Bij besluit van 17 mei 2021 (het bestreden besluit) heeft verweerder de asielaanvraag van eiser niet in behandeling genomen.
Eiser heeft tegen het bestreden besluit beroep ingesteld.
De rechtbank heeft het beroep, samen met de zaak NL21.7587, op 15 juli 2021 op zitting behandeld. Eiser en zijn gemachtigde zijn, met bericht van verhindering, niet verschenen. Verweerder heeft zich laten vertegenwoordigen door zijn gemachtigde.
Na afloop van de behandeling van de zaak ter zitting heeft de rechtbank onmiddellijk uitspraak gedaan.

Beslissing

De rechtbank verklaart het beroep niet-ontvankelijk.

Overwegingen

1. Uit dossierinformatie blijkt dat eiser op 2 juni 2021 de asielopvang heeft
verlaten. De gemachtigde van eiser heeft verklaard dat zijn laatste contact met eiser heeft
plaatsgevonden kort voor 2 juni 2021. Hij heeft tevens verklaard dat hij eiser geïnformeerd heeft dat de behandeling van zijn zaak op 15 juli 2021 zal plaatsvinden, maar heeft daar geen reactie van eiser op ontvangen.
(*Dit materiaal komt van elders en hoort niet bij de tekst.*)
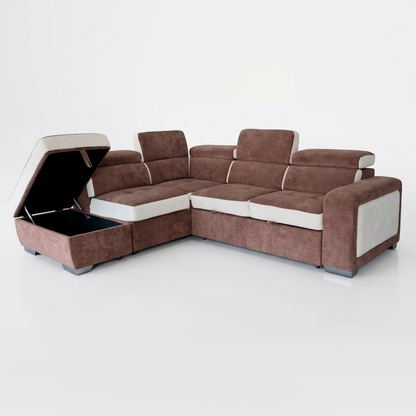 Sofa Chaise lado izquierdo, MIA 18-2225 (LV04230) Beige - chocolate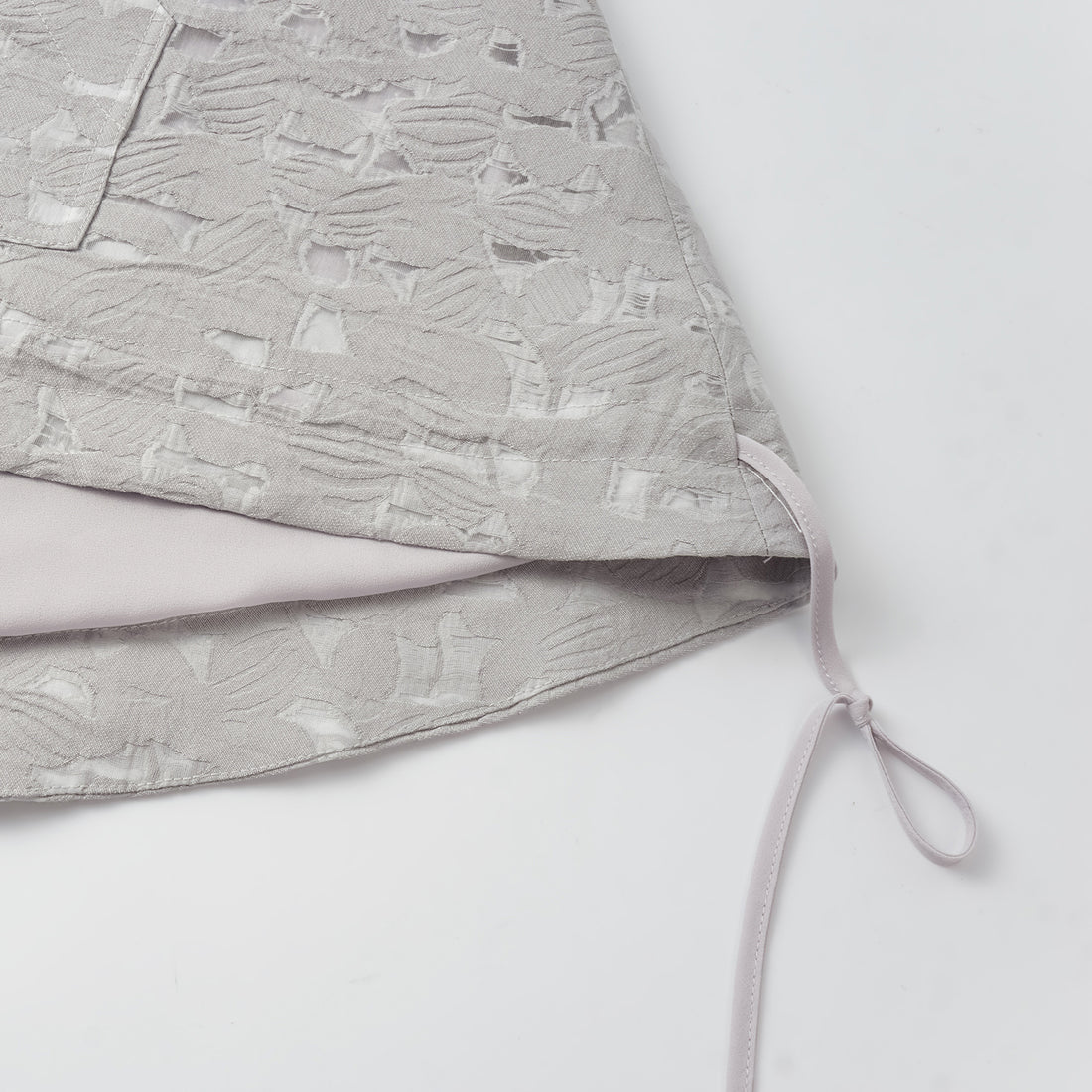 "Spring Outing" Jacquard Hooded Drawstring Top - Silver Lake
Eiser heeft na het verlaten van de opvang evenmin contact gezocht met zijn gemachtigde.
2. Uit deze feiten en omstandigheden concludeert de rechtbank dat eiser kennelijk geen prijs meer stelt op de eerder door hem in Nederland gezochte internationale bescherming, en hij derhalve geen belang meer heeft bij de beoordeling van zijn beroep.
3. Het beroep is niet-ontvankelijk.
4. Voor een proceskostenveroordeling bestaat geen aanleiding.
Deze uitspraak is uitgesproken in het openbaar op 15 juli 2021 door mr. K.M. de Jager, rechter, in aanwezigheid van mr. M.Ch. Grazell, griffier.
Dit proces-verbaal is bekendgemaakt op:
Rechtsmiddel
Tegen deze uitspraak kan hoger beroep worden ingesteld bij de Afdeling bestuursrechtspraak van de Raad van State binnen één week na de dag van bekendmaking van dit proces-verbaal.